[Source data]
------------------------------

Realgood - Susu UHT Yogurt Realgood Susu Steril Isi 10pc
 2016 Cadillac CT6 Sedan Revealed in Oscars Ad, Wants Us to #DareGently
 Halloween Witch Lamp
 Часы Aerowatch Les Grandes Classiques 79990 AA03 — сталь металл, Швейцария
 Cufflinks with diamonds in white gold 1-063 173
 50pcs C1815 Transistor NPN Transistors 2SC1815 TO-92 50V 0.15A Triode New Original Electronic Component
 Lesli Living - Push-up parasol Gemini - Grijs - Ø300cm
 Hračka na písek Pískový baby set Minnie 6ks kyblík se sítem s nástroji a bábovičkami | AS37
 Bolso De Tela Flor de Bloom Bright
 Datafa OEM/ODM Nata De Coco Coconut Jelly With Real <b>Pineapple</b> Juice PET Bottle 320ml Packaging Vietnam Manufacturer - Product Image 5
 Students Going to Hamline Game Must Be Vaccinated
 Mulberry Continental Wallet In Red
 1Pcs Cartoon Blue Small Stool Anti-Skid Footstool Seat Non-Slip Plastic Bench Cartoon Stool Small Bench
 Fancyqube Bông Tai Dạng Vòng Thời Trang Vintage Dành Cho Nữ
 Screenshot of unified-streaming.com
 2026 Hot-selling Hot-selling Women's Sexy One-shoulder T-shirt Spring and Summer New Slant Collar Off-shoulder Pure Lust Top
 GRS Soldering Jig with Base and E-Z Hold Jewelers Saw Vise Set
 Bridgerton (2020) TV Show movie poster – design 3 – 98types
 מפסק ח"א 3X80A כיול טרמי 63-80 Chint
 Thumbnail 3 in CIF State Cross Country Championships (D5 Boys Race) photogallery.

------------------------------

Repeat all of the entries exactly.

→ **Written solution**:
Realgood - Susu UHT Yogurt Realgood Susu Steril Isi 10pc
 2016 Cadillac CT6 Sedan Revealed in Oscars Ad, Wants Us to #DareGently
 Halloween Witch Lamp
 Часы Aerowatch Les Grandes Classiques 79990 AA03 — сталь металл, Швейцария
 Cufflinks with diamonds in white gold 1-063 173
 50pcs C1815 Transistor NPN Transistors 2SC1815 TO-92 50V 0.15A Triode New Original Electronic Component
 Lesli Living - Push-up parasol Gemini - Grijs - Ø300cm
 Hračka na písek Pískový baby set Minnie 6ks kyblík se sítem s nástroji a bábovičkami | AS37
 Bolso De Tela Flor de Bloom Bright
 Datafa OEM/ODM Nata De Coco Coconut Jelly With Real <b>Pineapple</b> Juice PET Bottle 320ml Packaging Vietnam Manufacturer - Product Image 5
 Students Going to Hamline Game Must Be Vaccinated
 Mulberry Continental Wallet In Red
 1Pcs Cartoon Blue Small Stool Anti-Skid Footstool Seat Non-Slip Plastic Bench Cartoon Stool Small Bench
 Fancyqube Bông Tai Dạng Vòng Thời Trang Vintage Dành Cho Nữ
 Screenshot of unified-streaming.com
 2026 Hot-selling Hot-selling Women's Sexy One-shoulder T-shirt Spring and Summer New Slant Collar Off-shoulder Pure Lust Top
 GRS Soldering Jig with Base and E-Z Hold Jewelers Saw Vise Set
 Bridgerton (2020) TV Show movie poster – design 3 – 98types
 מפסק ח"א 3X80A כיול טרמי 63-80 Chint
 Thumbnail 3 in CIF State Cross Country Championships (D5 Boys Race) photogallery.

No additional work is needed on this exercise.